Using the material below, print a verbatim copy of every line from the one containing "nutrición durante el" through the one containing "D'vine Dev 12", inclusive, and omit the pictures.

> EXCERPTED RECORDS
=== Begin Enclosure ===
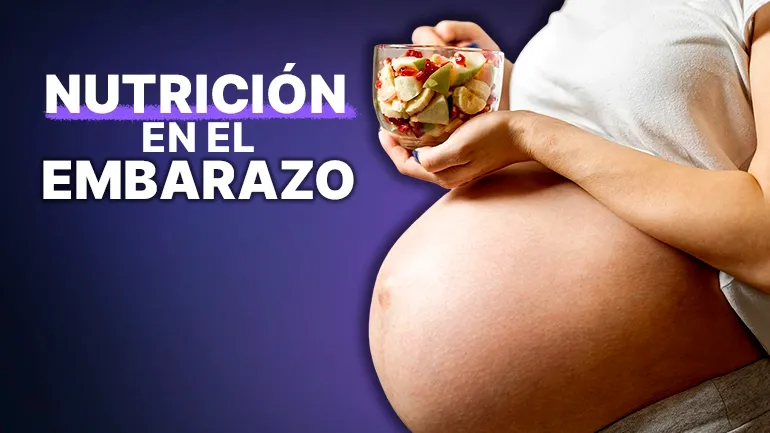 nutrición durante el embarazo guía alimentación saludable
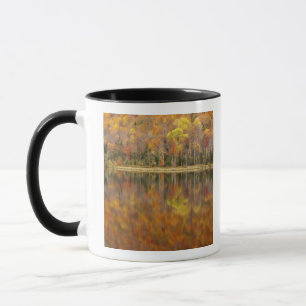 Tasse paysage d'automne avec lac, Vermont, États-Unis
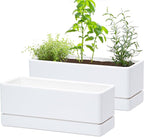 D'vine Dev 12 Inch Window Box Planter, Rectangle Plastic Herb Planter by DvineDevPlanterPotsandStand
=== End Enclosure ===
=== Begin Enclosure ===
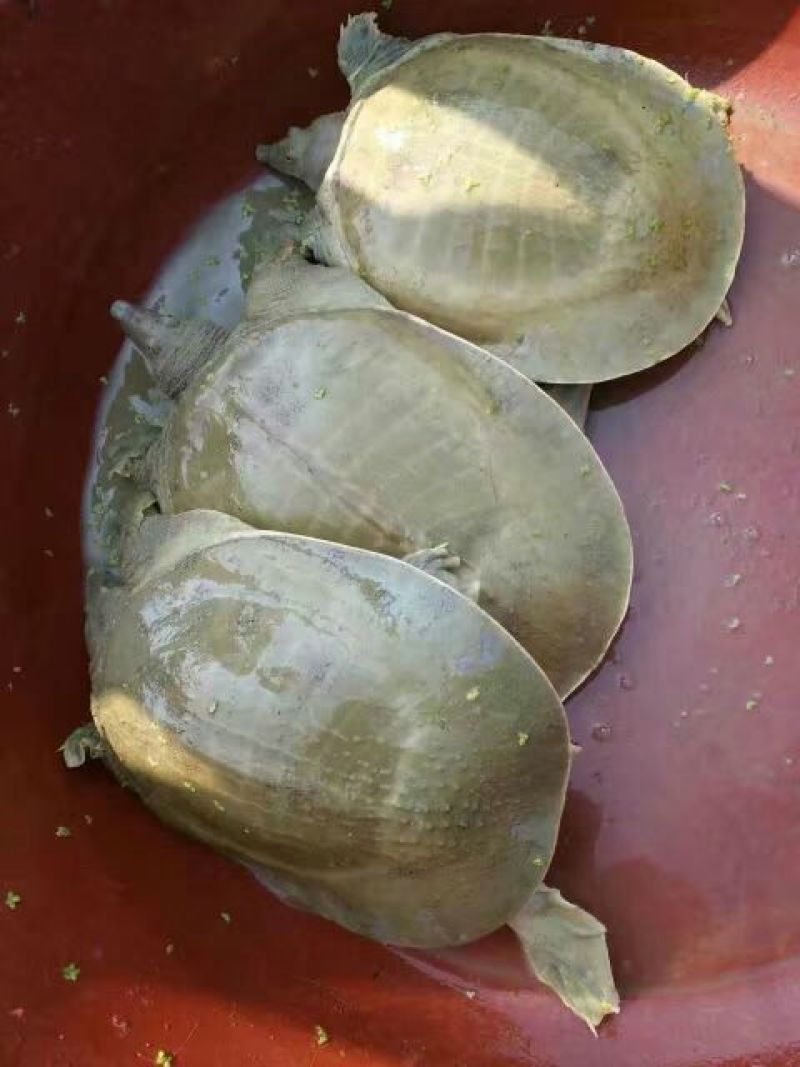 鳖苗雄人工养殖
=== End Enclosure ===
=== Begin Enclosure ===
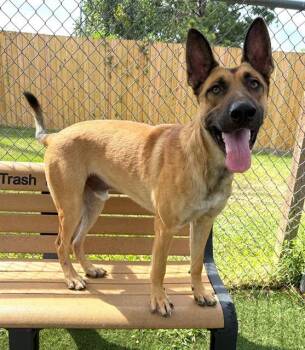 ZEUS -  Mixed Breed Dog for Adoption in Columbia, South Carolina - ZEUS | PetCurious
=== End Enclosure ===
> WORKED SOLUTION
 nutrición durante el embarazo guía alimentación saludable
 Tasse paysage d'automne avec lac, Vermont, États-Unis
 D'vine Dev 12 Inch Window Box Planter, Rectangle Plastic Herb Planter by DvineDevPlanterPotsandStand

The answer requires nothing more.